Which months of 1945?

Geoff


----------



## Wupert (Aug 6, 2007)

randonneur said:


> Having a conversation with someone this week who has just bought a motorhome, he was told by the seller that he was fined whilst in Germany for not carrying spare diesel in a can. This is the first time I have heard of this. Does anybody know whether this is true or not.


German law is/used to be clear that you had to carry 5 litres of fuel in a spare can.


----------



## HarleyDave (Jul 1, 2007)

When was that Wupert? (and in which Germany...)

I learned to drive in Germany (when you would tend to be made aware of this sort of rule) and lived there on and off for 10 years (Osnabruck, Monchengladbach, Berlin) between 1969 and 1989 and I was never aware of that rule/law.

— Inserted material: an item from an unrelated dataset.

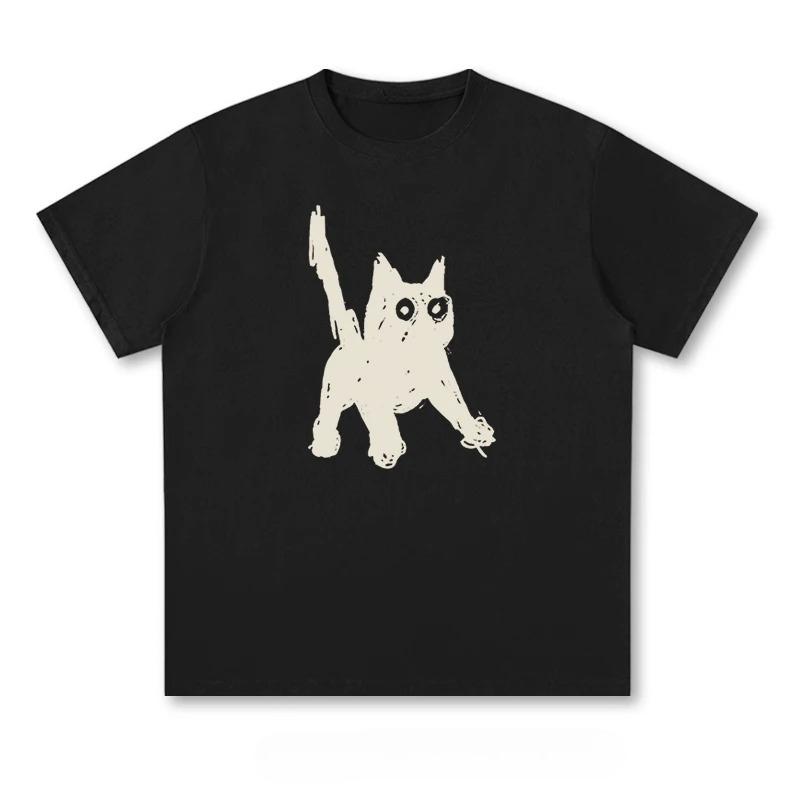 Simple Cat Pattern Minimalist Design Fashionable Street StyleWomen Clothing Fashion Graphic T Shirts Aesthetic Clothes Summer S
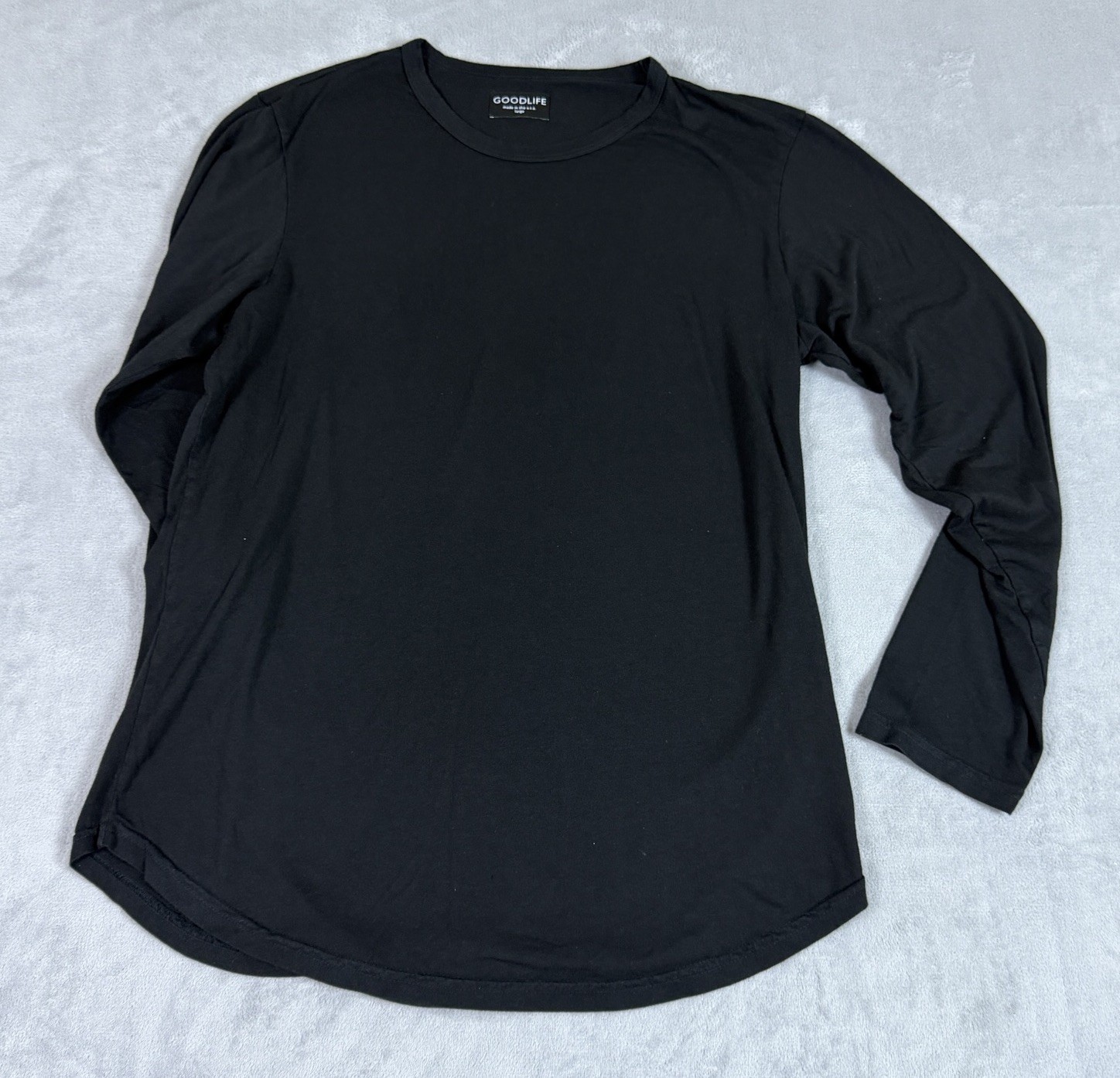 Goodlife Men L Long Sleeve Supima Cotton MicroModal Scallop Crew Shirt Black gallery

You were ALLOWED to carry spare fuel - but as far as I know it was not compulsory.

Cheers

Dave


----------



## teemyob (Nov 22, 2005)

If you were to follow the rules of some ferry companies who state they prohibit carrying fuel in containers or indeed empty containers, how could you. Unless you purchased on on the continent and then left it there.

We ran out on the A26 in France on a Single contraflow. We had to freewheel (lucky we were going down hill) across a small gap in the traffic coming in the opposite direction. Ended up on an incline. Filled up from a Gerry can bu there was not enough to flow to the pick up line.

Ended up waiting for a tow and Paid £175 that was reimbursed by the AA.


But, we started looking for diesel way above 1/4 tank. First one we pulled in at, I missed the service station and we could not turn around. Drove to the next one and it was closed for refurbishment. That is when we run out looking for the next one.

That is the problem with a vehicle that does around 20 to the gallon with a 17.5 gallon tank.

TM


----------



## Boff (May 10, 2005)

Hi!



Wupert said:


> German law is/used to be clear that you had to carry 5 litres of fuel in a spare can.


No.

There is no such requirement. Not at least since I got my German driving licence back in the 1980s.

On the contrary, tax regulations require that the maximum amount of fuel carried in spare cans must not exceed 20 litres. And safety regulations require that these spare cans must be certified for fuel transport.

However, it is true that you can be fined if you run out of fuel on the autobahn.

Best Regards,
Gerhard


----------



## foxtwo (Jun 23, 2012)

Let´s agree on the following procedure:

In case you will be fined for a missing spare can after a routine check by german police .....i´ll pay your ticket.

In case you will *not* be fined for a missing spare can after a routine check by german police .....you pay me a beer.

I´ll be drunken for the rest of my life.

Bernd :lol:


----------



## HarleyDave (Jul 1, 2007)

So? - Are we all agreed? - Like I said in the second post on this thread 

1 - It is not compulsory to carry spare fuel

2 - It is illegal to run out of fuel on the Autobahnen ...

Cheers

Dave


----------



## nicholsong (May 26, 2009)

If you have a solar-powered vehicle can you be fined if the sun goes in? :roll: :lol: 

I am ducking now!


----------